- [WHAT IS REQUIRED]: Without including any images, please transcribe all the lines below exactly.

● ● ● ● ●

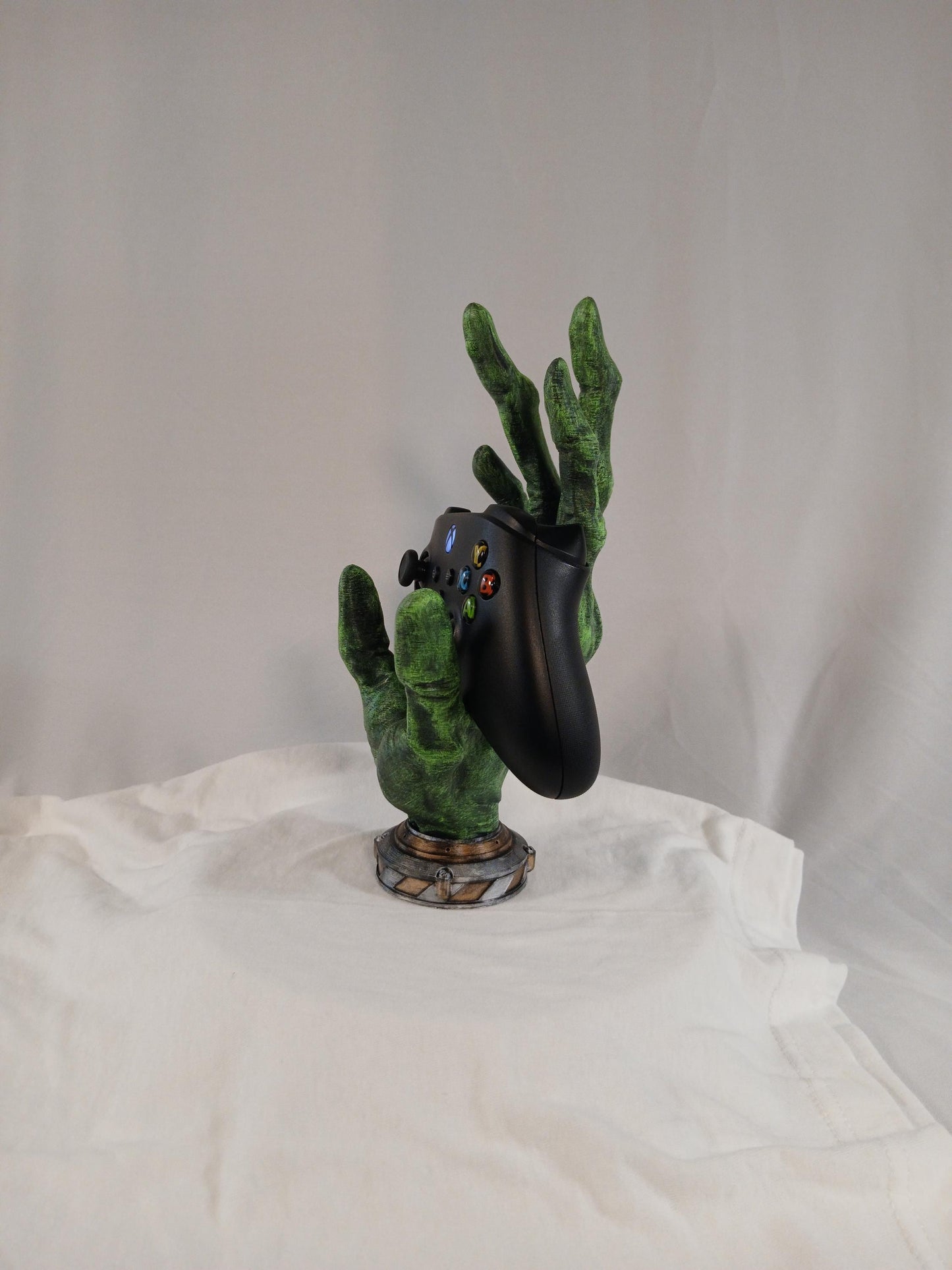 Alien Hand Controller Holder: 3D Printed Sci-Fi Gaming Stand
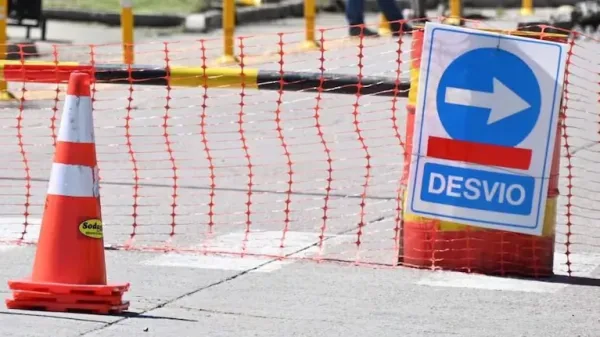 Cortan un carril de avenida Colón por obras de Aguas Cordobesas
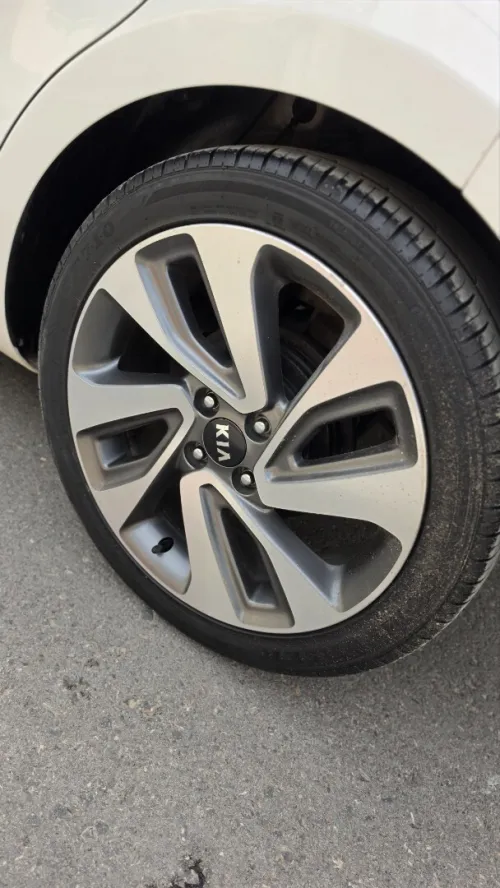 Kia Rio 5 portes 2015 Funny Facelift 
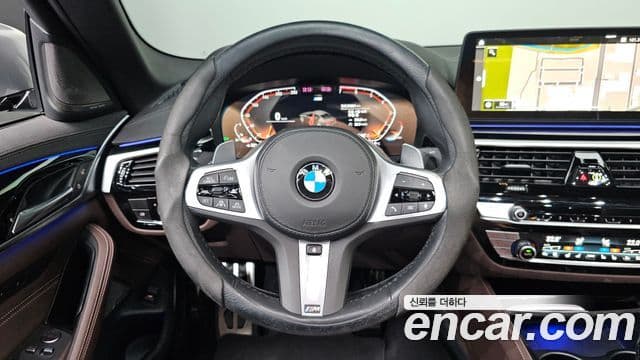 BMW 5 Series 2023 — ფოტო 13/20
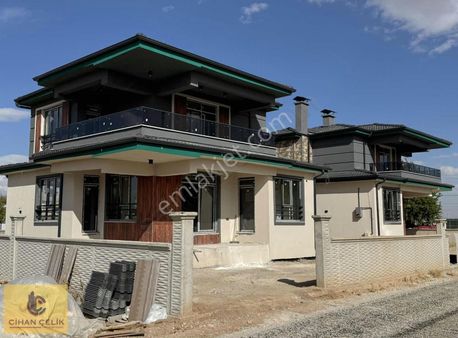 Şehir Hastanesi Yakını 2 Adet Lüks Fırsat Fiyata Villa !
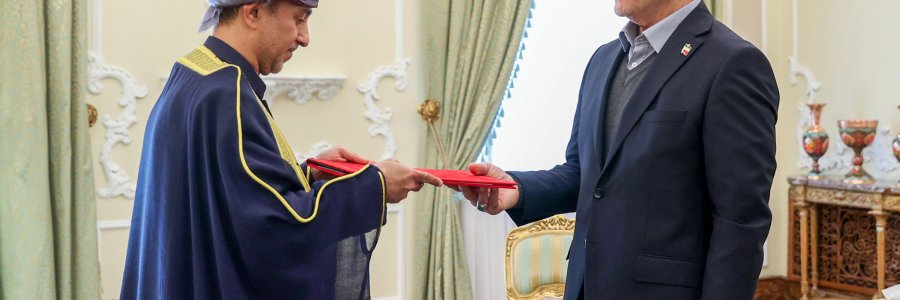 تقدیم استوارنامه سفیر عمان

● ● ● ● ●

- [WRITTEN ANSWER]:
 Alien Hand Controller Holder: 3D Printed Sci-Fi Gaming Stand
 Cortan un carril de avenida Colón por obras de Aguas Cordobesas
 Kia Rio 5 portes 2015 Funny Facelift 
 BMW 5 Series 2023 — ფოტო 13/20
 Şehir Hastanesi Yakını 2 Adet Lüks Fırsat Fiyata Villa !
 تقدیم استوارنامه سفیر عمان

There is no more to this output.